• PROBLEM TO SOLVE
In the entries below, find the line with "africano homem telefone" and the line with "A Moorcroft 'Flower". Return those two lines and all lines between them, exactly.

• DATA SECTION
****************************************
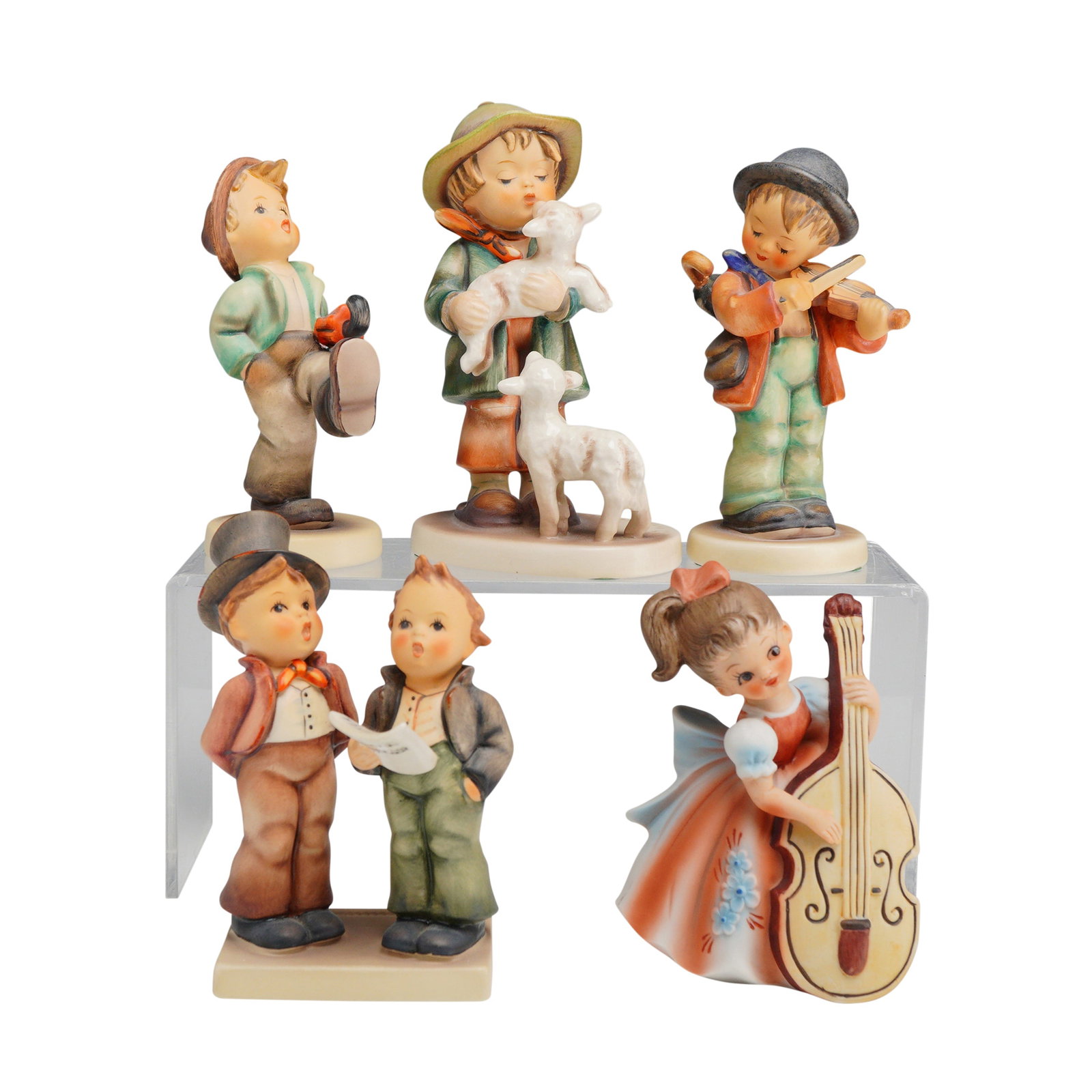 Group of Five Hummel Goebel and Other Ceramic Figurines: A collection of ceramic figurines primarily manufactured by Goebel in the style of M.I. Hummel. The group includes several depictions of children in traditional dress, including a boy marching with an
****************************************
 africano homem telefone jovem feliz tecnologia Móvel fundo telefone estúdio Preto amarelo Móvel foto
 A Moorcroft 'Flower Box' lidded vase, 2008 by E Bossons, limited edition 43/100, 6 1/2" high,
****************************************
• SOLUTION
 africano homem telefone jovem feliz tecnologia Móvel fundo telefone estúdio Preto amarelo Móvel foto
 A Moorcroft 'Flower Box' lidded vase, 2008 by E Bossons, limited edition 43/100, 6 1/2" high,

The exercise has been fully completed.